Right this minute, you can create an email of unlimited length covering topics of unlimited scope and then send it to unlimited numbers of people — whom you may or may not even know — all at absolutely no cost to you. There is also no prohibition or boundary of any kind on how you phrase that email. There’s no formal penalty or even feedback for when you’re using email inappropriately (e.g. the dirty look that you’d get if you said something this weird to someone’s face). Plus, of course, YOU get to decide (at least in your own head) exactly how quickly all those people should be getting back to you about whatever it is you emailed them about. And you can do this pretty much any time you want and as many times a day as it suits you. No Limits.

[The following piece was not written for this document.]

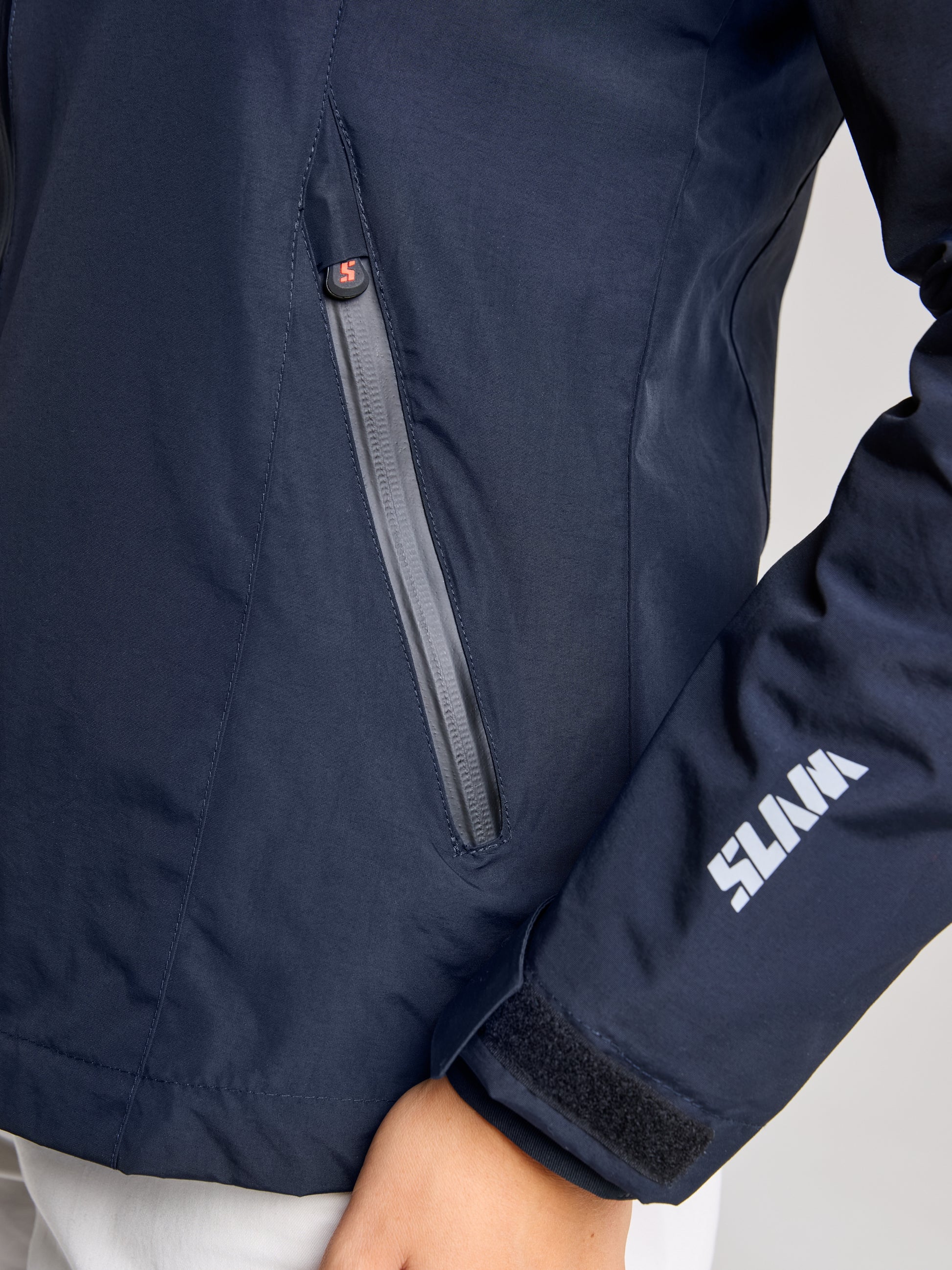 A close-up of a person wearing the navy CREW WOMAN WARM HOODED JAKET by SLAM. The left sleeve displays a white logo, and there's a zippered pocket on the side. This waterproof jacket has a smooth texture, with the person standing and their arm slightly bent.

As I say, there must be something about email’s unusual combination of intimacy and distance that can get people very emotionally engaged in hammering out demands in an email message. And not just flames — I’m talking about people whose de facto style is borne out of an uninhibited conduit between thoughts, emotions, or desires and the email medium that helps them convert that into some kind of request.
Email culture and etiquette — if there is such a thing — occurs when people have a sense of how their behavior will be seen and evaluated by anyone who is not themselves. The reason most of us wear pants to the grocery store is the same reason that some people think very hard about every word that goes into their email messages and what it will mean when people read them. They understand that the message should be more about the recipient than themselves. And the Great Ones will take the time to get the tone right too — to phrase things so that misunderstandings and unintentional emotional provocations don’t occur.
Here's the kicker (for which I'm finding application both within and beyond the confines of email):
Any system without scarcity or limitation will eventually suffer at the hands of people who aren’t overtly aware of boundaries — or who actively choose to break those boundaries because they can. Limitations in a communication medium not only make you think a little harder about what you have to say, they also encourage you to focus on what you and your recipient really need out of the exchange.
And for bonus points, a couple of comments to the post to which I found myself nodding vigorously: email insanity in church settings and the very depth of thoughtless unprofessionalism: too lazy to even use capital letters. It's good to know I'm not alone in thinking this is crazy and unnecessary.